Motoren met elektronische brandstofinjectie (EFI) hoeven niet voor grote hoogtes te worden
afgesteld.
Brandstof bijvullen
Zie Afbeelding 3
WAARSCHUWING
Brandstof en brandstofdampen zijn uiterst brandbaar en explosief.
Brand of explosie kan ernstige brandwonden of de dood veroorzaken.
Bij het bijvullen van brandstof
•
Schakel de motor uit en laat de motor ten minste gedurende 2 minuten afkoelen
voordat u de benzinedop verwijdert.
•
Vul de brandstoftank buiten of in een goed geventileerde ruimte.
•
Vul de brandstoftank niet te veel. Vul de brandstoftank niet tot boven de onderkant
van de hals, zodat de brandstof kan uitzetten
•
Houd de brandstof uit de buurt van vonken, open vlammen, waakvlammen, hitte en
andere ontstekingsbronnen.
•
Controleer brandstofleidingen, tank, vuldop en koppelingen regelmatig op barsten
of lekken. Vervang deze, indien noodzakelijk
•
Indien brandstof wordt gemorst, dient u te wachten tot deze verdampt is voordat u
de motor start.
1.
Reinig het gebied rond de tankdop Verwijder de tankdop.
2.
Vul de brandstoftank (A, Afbeelding 3) met brandstof.

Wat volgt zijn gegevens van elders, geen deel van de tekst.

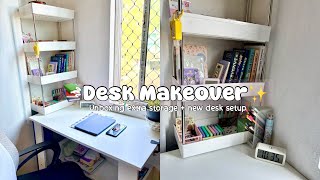 Desk Makeover 📂 / Adding extra storage / Decluttering & Organising ✨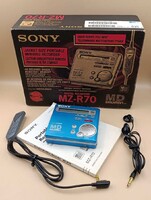 TESZTELT! Karcmentes! SONY MZ-R70 digital recording MD walkman minidisc lejátszó felvevő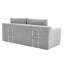 Canapé-causeuse avec mousse à mémoire de forme et structure en acier - sans assemblage, conception convertible 2-en-1, tissu en velours côtelé - canapé compact pour les petits espaces, les appartements, le bureau à domicile et la chambre à coucher (gris)-858818058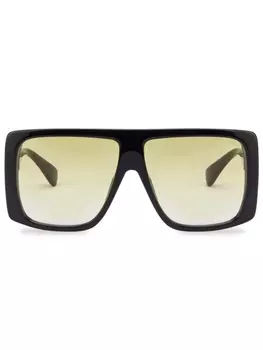 Moschino Eyewear солнцезащитные очки в массивной оправе с логотипом, желтый
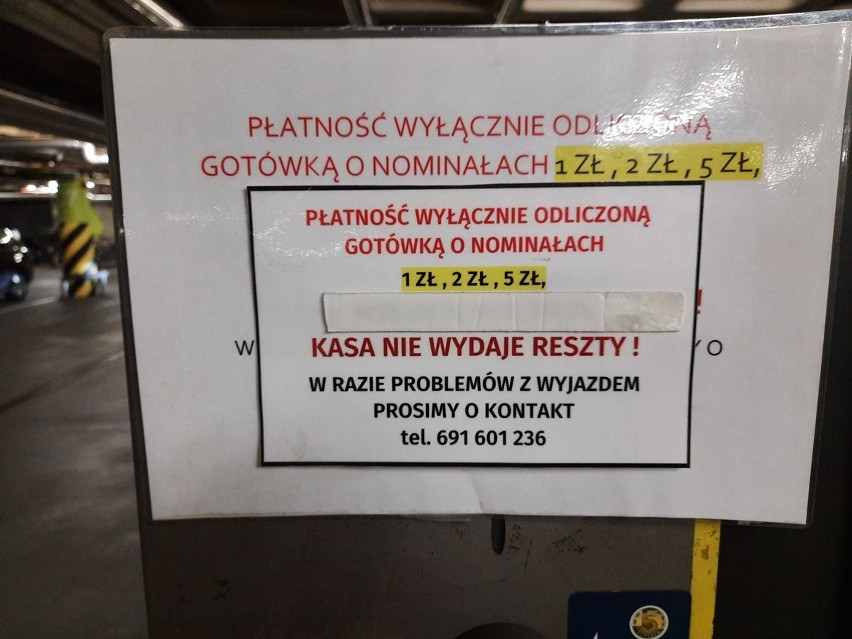 Pod Dworcem Głównym za parkowanie można zapłacić tylko...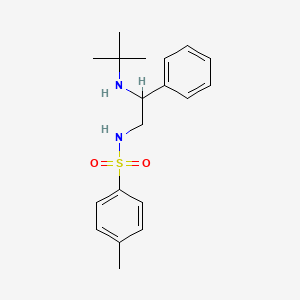 molecular formula C19H26N2O2S B7466568 N-[2-(tert-butylamino)-2-phenylethyl]-4-methylbenzenesulfonamide 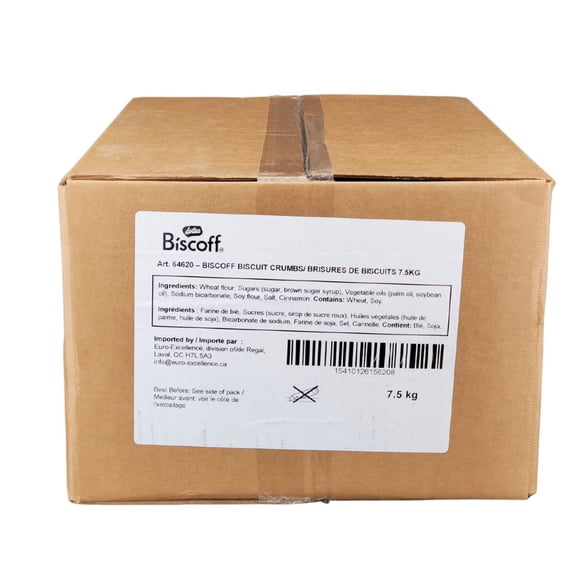 Lotus Biscoff - Biscuit Crumble - 7.5kg - 1ct - Pre-Crushed Efficiency for Professional Baking and Dessert Toppings (1ct)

Vul de brandstoftank niet tot
boven de onderkant van de nek zodat de brandstof kan uitzetten.
3.
Draai de tankdop weer vast.
De motor starten en stoppen
Zie Afbeelding: 4
De motor starten
WAARSCHUWING
Wanneer het startkoord zich snel terugtrekt (terugslag), worden uw hand en arm
sneller naar de motor getrokken dan u kunt loslaten.
Gebroken botten, kneuzingen of verstuikingen kunnen het resultaat zijn.
•
Trek bij het starten van de motor het startkoord langzaam uit tot er weerstand gevoeld
wordt en trek dan snel om terugslag te voorkomen.
WAARSCHUWING
Brandstof en brandstofdampen zijn uiterst brandbaar en explosief.
Brand of explosie kunnen ernstige brandwonden of de dood veroorzaken.
Bij het starten van motor
•
Zorg dat de bougie, de geluiddemper, de benzinedop en het luchtfilter (indien
aanwezig) op hun plaats zijn en goed vastzitten.
•
Probeer de motor niet te starten terwijl de bougie verwijderd is.
•
Als de motor verzuipt, zet de choke (indien aanwezig) in de stand OPEN/DRAAIEN,
zet de gashendel (indien aanwezig) in de stand SNEL en start de motor totdat deze
aanslaat.
WAARSCHUWING
GEVAAR VAN GIFTIG GAS. Motoruitlaatgassen bevatten koolmonoxide, een giftig
gas dat u binnen enkele minuten doodt. U kunt het NIET zien, ruiken of proeven.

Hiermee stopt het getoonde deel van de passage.